The Tartar Steppe by Dino Buzzati
Translation by Stuart C. Hood
Introduction by Tim Parks
Canongate Books Ltd. (2007); paperback
ISBN: 978-1841959283
The Tartar Steppe is the story of a young officer [Giovanni Drogo] dispatched to do service in a remote mountain garrison overlooking a vast northern desert. At first desperate to escape and return to the pleasures of normal life, he nevertheless falls under the spell of the place to the point that he will spend the next thirty years there, sustained only by the vain hope that one day an enemy attack will offer a moment of glory and fulfillment.

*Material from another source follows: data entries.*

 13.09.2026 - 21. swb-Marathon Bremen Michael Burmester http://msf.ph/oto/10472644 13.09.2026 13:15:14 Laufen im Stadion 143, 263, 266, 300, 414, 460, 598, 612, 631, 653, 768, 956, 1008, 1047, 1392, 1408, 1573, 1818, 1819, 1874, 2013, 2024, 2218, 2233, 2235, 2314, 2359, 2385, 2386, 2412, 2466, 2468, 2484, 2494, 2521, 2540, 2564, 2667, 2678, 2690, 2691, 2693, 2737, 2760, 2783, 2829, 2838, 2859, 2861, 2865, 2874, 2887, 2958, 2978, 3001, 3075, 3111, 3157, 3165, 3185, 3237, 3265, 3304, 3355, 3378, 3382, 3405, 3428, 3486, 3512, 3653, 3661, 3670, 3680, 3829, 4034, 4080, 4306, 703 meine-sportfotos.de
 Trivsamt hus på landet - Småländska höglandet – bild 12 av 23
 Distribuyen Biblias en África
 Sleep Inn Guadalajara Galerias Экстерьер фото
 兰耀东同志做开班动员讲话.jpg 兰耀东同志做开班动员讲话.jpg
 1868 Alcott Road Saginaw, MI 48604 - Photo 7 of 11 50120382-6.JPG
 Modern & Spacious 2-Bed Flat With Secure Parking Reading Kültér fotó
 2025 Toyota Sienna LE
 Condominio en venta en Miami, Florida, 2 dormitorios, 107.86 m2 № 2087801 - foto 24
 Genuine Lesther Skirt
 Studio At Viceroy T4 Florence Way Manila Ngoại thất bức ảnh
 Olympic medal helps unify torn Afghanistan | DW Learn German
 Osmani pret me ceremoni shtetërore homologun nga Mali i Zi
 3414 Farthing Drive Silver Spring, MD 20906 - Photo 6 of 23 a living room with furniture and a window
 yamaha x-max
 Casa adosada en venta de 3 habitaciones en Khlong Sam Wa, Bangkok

There are several good reviews available on the internet. The complete review loved it and provides additional links. Waggish, on the other hand, wasn’t impressed with the novel or the movie adapted from it. While I disagree in general on both points he makes points to keep in mind when reading the novel–how you feel about them will probably determine your feelings toward the book. “The complete review” covers many of the high points of the novel so I’ll touch on some additional points I noted as I read.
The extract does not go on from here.